Alice Clark
Associate Dean, Professor of Music History
Education
M.F.A. and Ph.D., Princeton University
M.M., University of Texas at Austin
B.M., Ohio State University (Phi Beta Kappa)
Departments
- College of Music and Media
- Office of the Dean
- School of Music & Theatre Professions
- Music Theory & History
Bio
Before coming to Loyola in 2000, Alice Clark taught at the University of Notre Dame, Ohio State University, Pennsylvania State University, and the University of Wisconsin Oshkosh; she also taught at the University of Texas at Austin during the Katrina semester. At Loyola she teaches mostly courses for music majors, including a survey of western art music from antiquity through the baroque era and an annual seminar on opera, with topics ranging from the works of Mozart to Shakespeare and opera. She also regularly teaches a course on the twelfth-century abbess and visionary Hildegard of Bingen, her works, and her world in the Common Curriculum, and she is planning a future course on issues of gender, race, and class as expressed in opera. This spring she will lead a seminar for the Honors Program focusing on music, the arts, and intellectual life in twelfth- and thirteenth-century France.
Dr. Clark’s scholarship focuses on late-medieval music, especially aspects of the motet in fourteenth-century France, and her work in that area has appeared in journals such as Plainsong and Medieval Music and the Journal of Musicology, as well as essay collections such as Fauvel Studies: Allegory, Chronicle, Music, and Image in Paris, Bibliothèque Nationale de France, MS Français 146 and Citation and Authority in Medieval and Renaissance Musical Culture: Learning from the Learned.
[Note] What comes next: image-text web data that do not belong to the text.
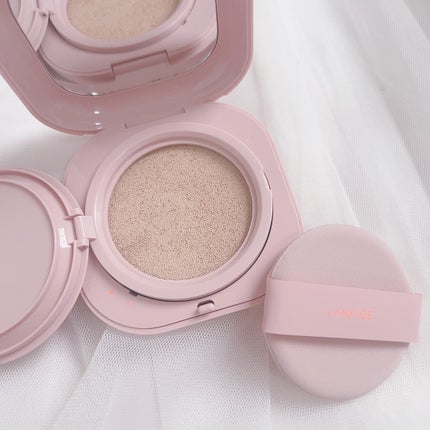 LANEIGE ネオクッション グロウのクチコミ「♡ ••┈┈┈┈┈┈┈┈•• ♡
Laneige
ネオクッション グロウ
21N
♡ •.....」(2枚目)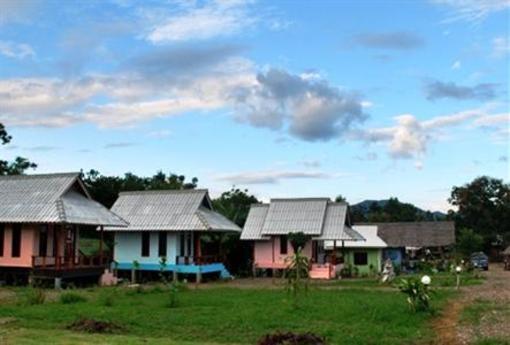 фото отеля Baan Suan Violin Hotel Pai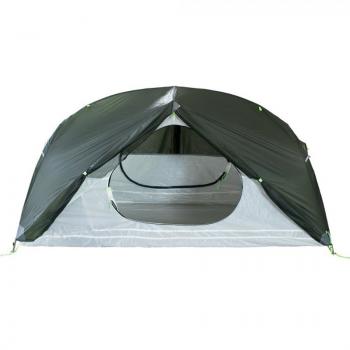24 059 р. Палатка Tramp Cloud 3 Si (dark green) TRAMP trt-094  с доставкой в г. Пермь. Увеличить фотографию 3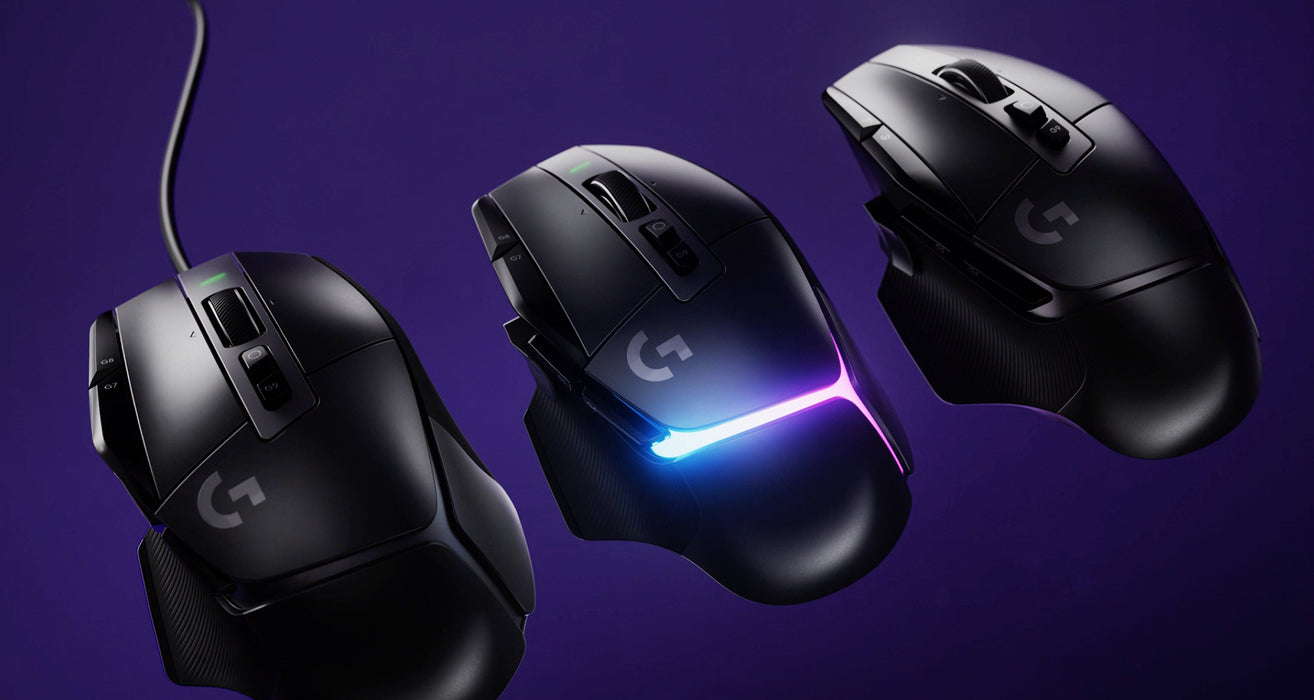 EAN 5099206096400 - Logitech G 910-006190 ratón Juego mano derecha RF inalámbrico Óptico 25600 DPI imagen 3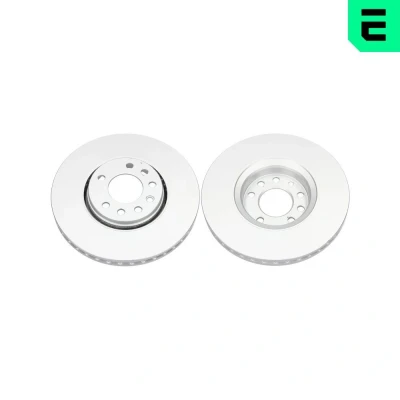 Imagem de OPTIMAL BS 7918HC Disco de travão Eixo dianteiro 302 28 5/8 ventilado revestido alto carbono OPEL: Vectra C Caravan, CC, Sedan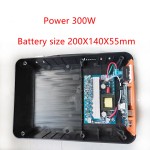 Power Station Factory - OEM 300W DIY ABS Camping Case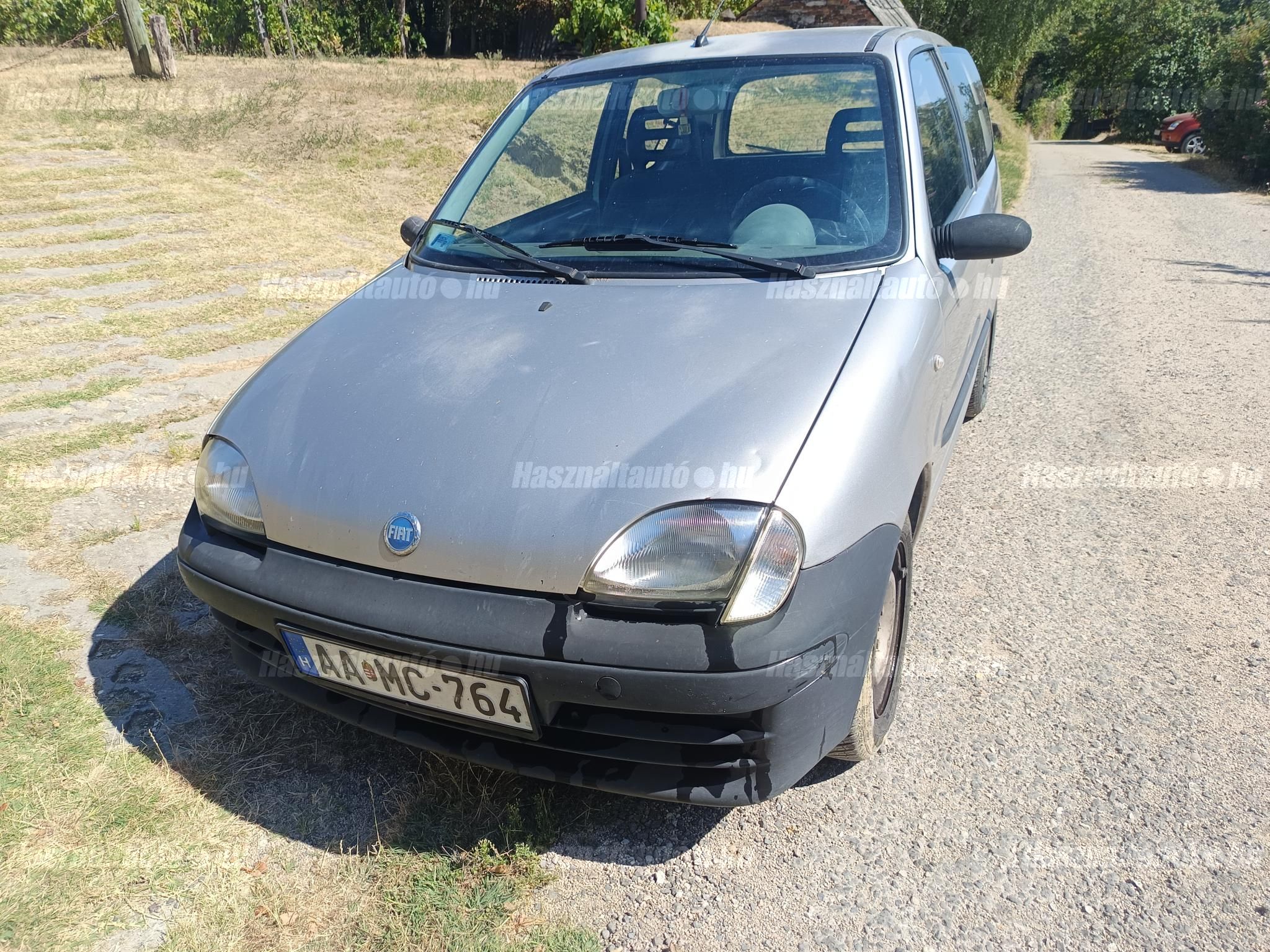FIAT SEICENTO 2001/4 - 1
Her article on the medieval motet for the On-Line Reference Book for Medieval Studies can be found at http://the-orb.net/encyclop/culture/music/clarkmotet.html . She has also given papers at meetings of the American Musicological Society, the International Musicological Society, the International Medieval Society (Paris), the International Symposium on Late Medieval and Early Renaissance Music (Novacella, Italy), and other conferences in the U. S. and Europe. Among her current projects is an article on the fourteenth-century motet for the Cambridge History of Medieval Music.
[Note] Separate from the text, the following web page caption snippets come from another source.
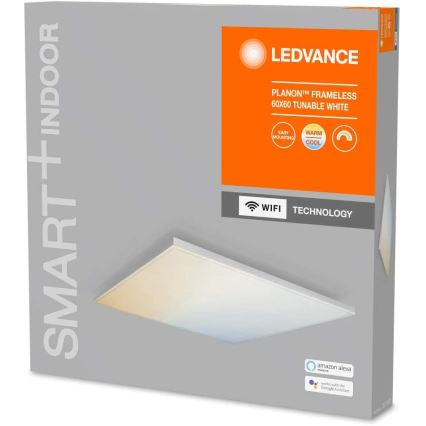 Ledvance - LED Zatemnitvena stropna svetilka SMART+ FRAMELESS LED/40W/230V 3,000K-6,500K Wi-Fi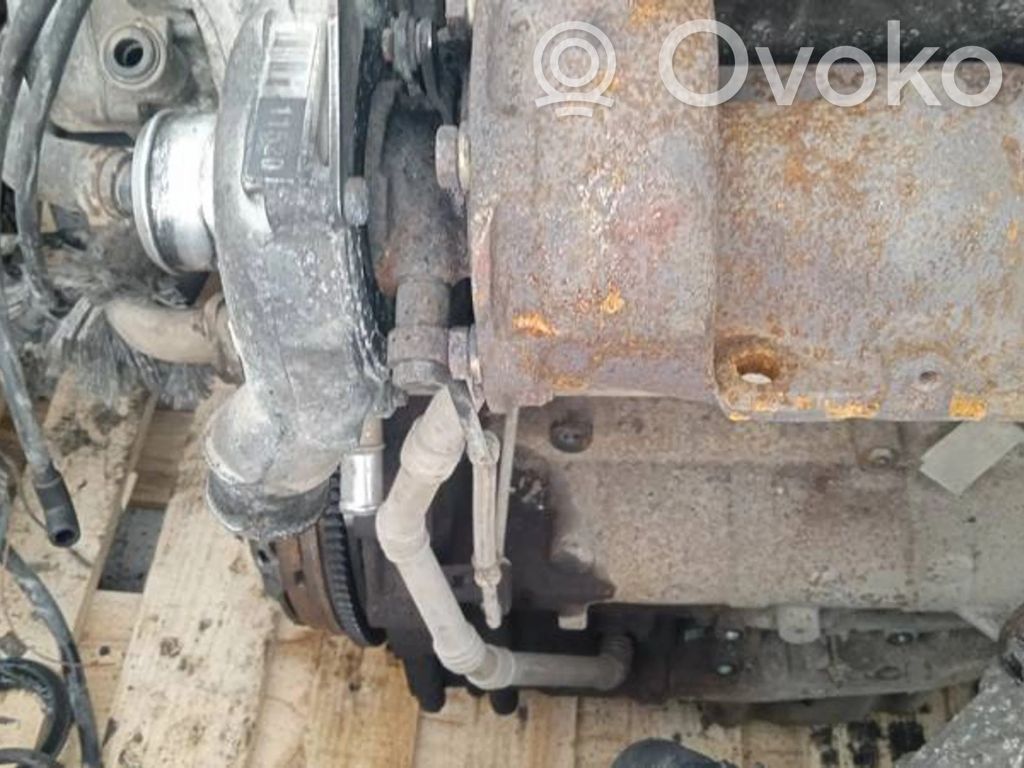Ford Mondeo Mk III Turbo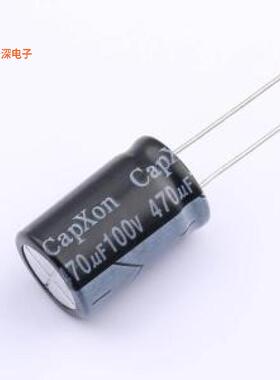 KF471M100J250A |原装插件,D16xL25mm直插铝电解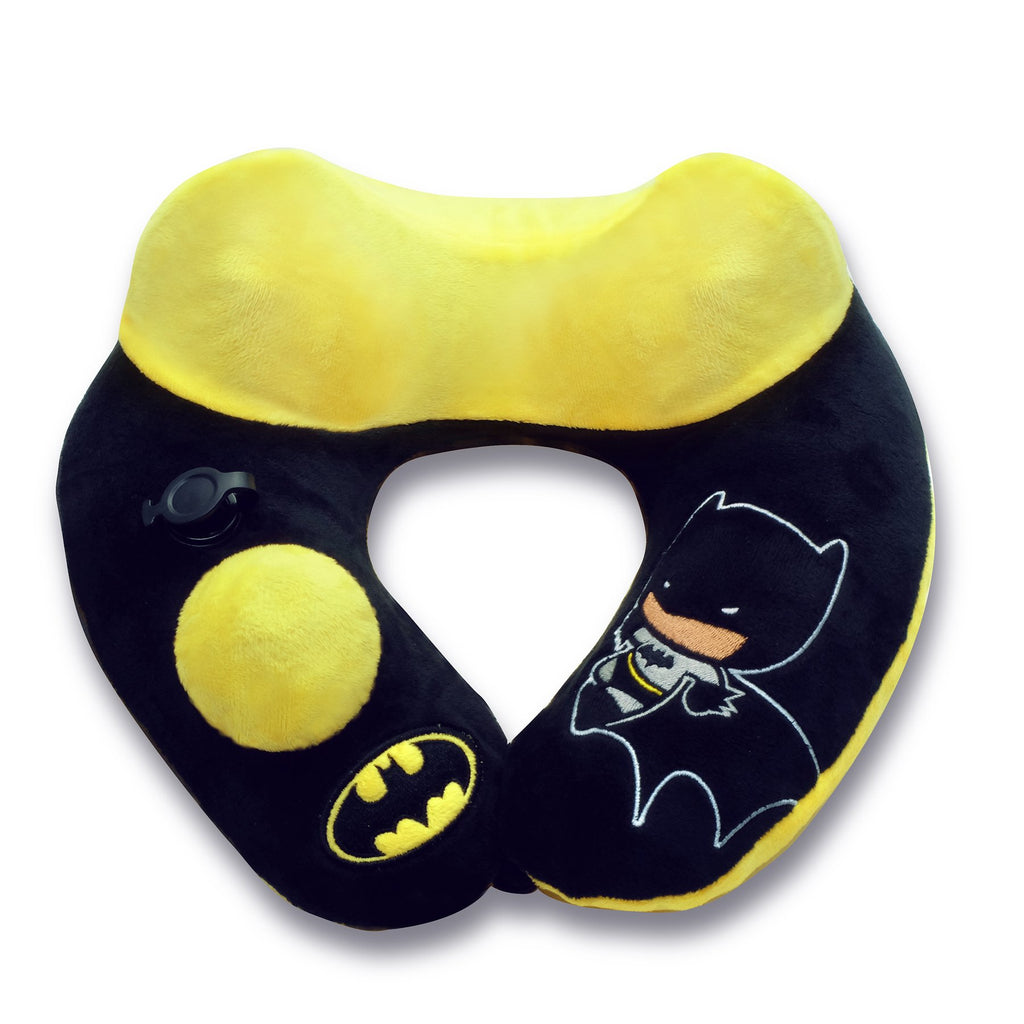 Batman 2024 travel pillow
She has served as a member of the American Musicological Society Council and as a moderator for the Society’s e-mail discussion list; she is also a past president of the International Machaut Society and currently serves as that organization’s webmaster. Her performance experience has included work with members of Pomerium and with early music ensembles at the Oberlin Baroque Performance Institute, Ohio State University, Princeton University, and the University of Texas at Austin.
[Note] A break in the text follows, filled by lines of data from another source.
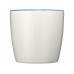 Керамическая чашка Aztec, белый/ярко-синий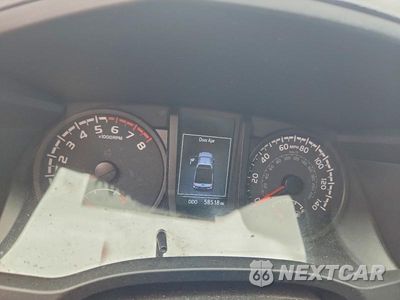 Zdjęcie 9 z 12 samochodu: 2021 TOYOTA TACOMA ACCESS CAB VIN:3TYRX5GN3MT009087 - miniatura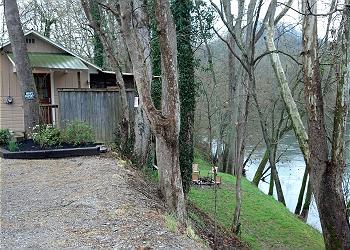 The Caney Fork Cottage 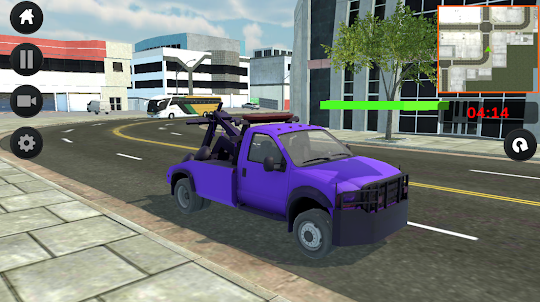 Towtruck Pro Simulator 2023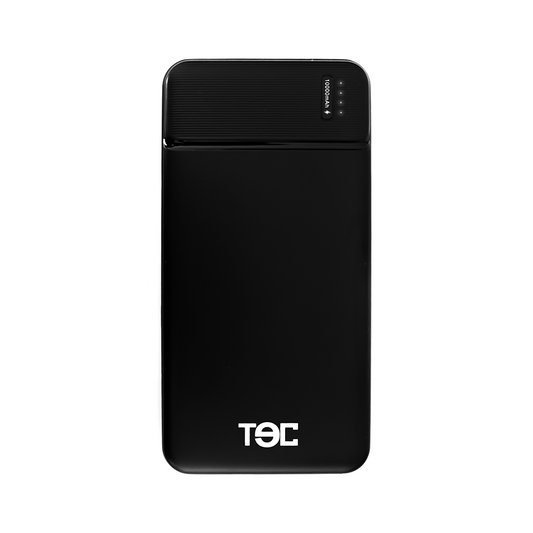 PowerBank PD de 10,000mAh Tec Power X10 Negro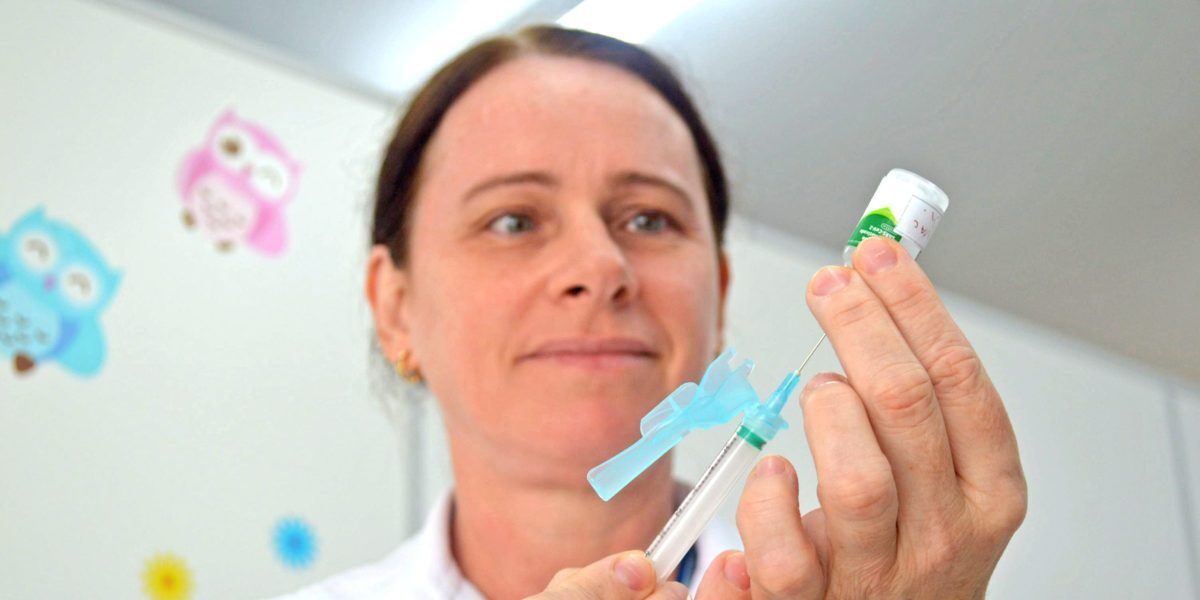 Em dez anos, taxas de vacinação despencam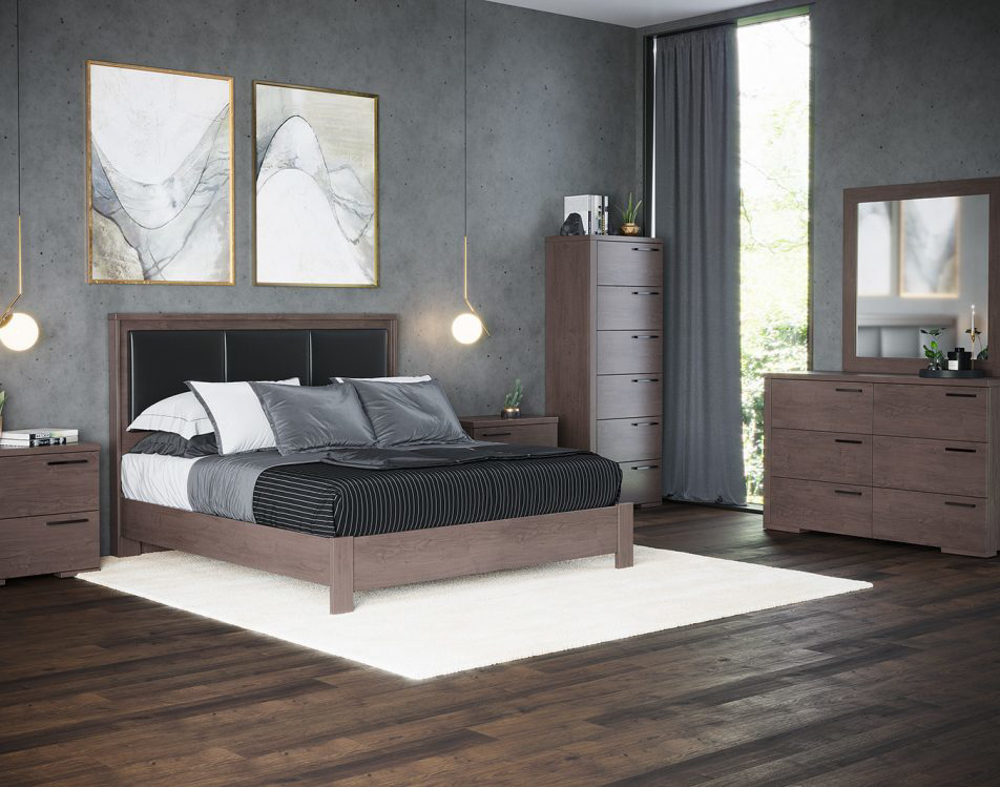 Picture of 6 piece bedroom set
Dr. Clark’s scholarship and teaching are particularly concerned with how music works in culture, whether in a medieval cathedral or a twentieth-century opera house. She is also interested in how the study of music fits into a liberal education in the Jesuit tradition, and she emphasizes that a student who earns a music degree with a good liberal-arts component such as that available at Loyola can pursue a career in just about any field. Her advisees have gone to medical school, law school, and graduate school in fields such as history, philosophy, psychology, divinity, and library science, as well as one who entered military service—and, yes, she has worked with students who are pursuing careers in music. She would be glad to discuss with any prospective student or parent how a Loyola music degree can serve musical or non-musical goals.